Miller, the Tufts Russia expert, said he’s not expecting major shortages of consumer goods. And Egor said he’s recently found grocery store shelves in Moscow stocked with food, even sugar, although at higher prices.
People continue to go to restaurants and try to live a normal life, he said, noting a majority of Russians still seem to support the war and believe Putin’s assurances that things will be OK. But those like Egor who don’t agree “are in a very gloomy mood, and that’s to put it mildly.”
His job depends on foreign companies and his work has dwindled to almost nothing. Nobody is hiring.
“The level of uncertainty is so high that no one actually knows what’s going to happen the next day,” he said.
Historically, Russian companies have tried not to lay off workers, preferring to cut hours and wages instead, Miller said. But it’s not clear how long some companies will be able to avoid job cuts if they can’t import essential products like semiconductors while facing high interest rates to borrow money to stay afloat, he said.
The IIF report said the war has accelerated the nation’s loss of highly skilled workers over the past decade, which picked up following the annexation of Crimea. The Russian Association for Electronic Communications estimated that 50,000 to 70,000 information technology workers have left the country since the invasion of Ukraine and 100,000 more could follow in April.
Battering the Russian economy like that is part of the goal of the sanctions, according to the Biden administration.
“We can’t predict exactly when or how this will change Putin’s calculus,” a senior administration official told reporters Thursday. “But what we can ensure is that this is going to be a failure; he’s going to emerge weaker, and we’re going to emerge stronger.”
Sonin said there’s no doubt the Russian economy is weaker. And while billionaire oligarchs can weather the loss of wealth from personal sanctions, others who have been sanctioned will be hit harder, such as less wealthy Russian Parliament members with foreign investments or properties.
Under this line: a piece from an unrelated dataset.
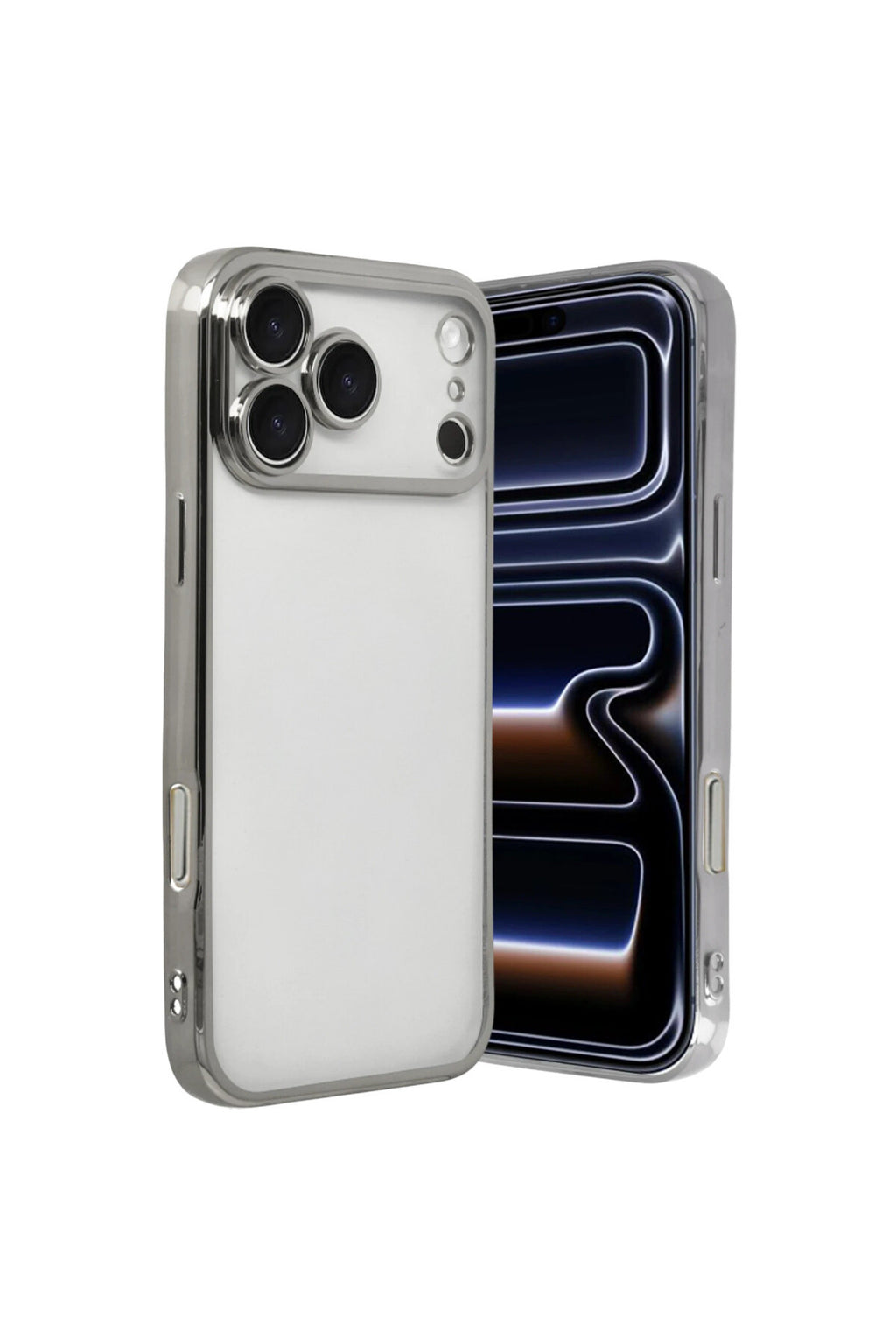 Apple iPhone 17 Pro Uyumlu Lensli Silikon - Gümüş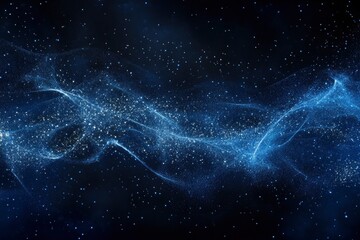 Fireworks trail glow particles explosion, Dark blue black background with generative ai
“Their Miami apartment, their Barcelona villa, this might be half of their life earnings,” he said. “I don’t know how much sway they have over Putin, but they were certainly made unhappy.”
Still, Sonin said, the impact of sanctions is limited when dealing with an authoritarian leader like Putin.
“I think this is an imperfect strategy and a costly strategy,” Sonin said, noting the economic pain average Russians are facing and the difficulty of precisely targeting such measures. “Even if your sanctions are totally ideal, the best-targeted sanctions, this is still not a missile.”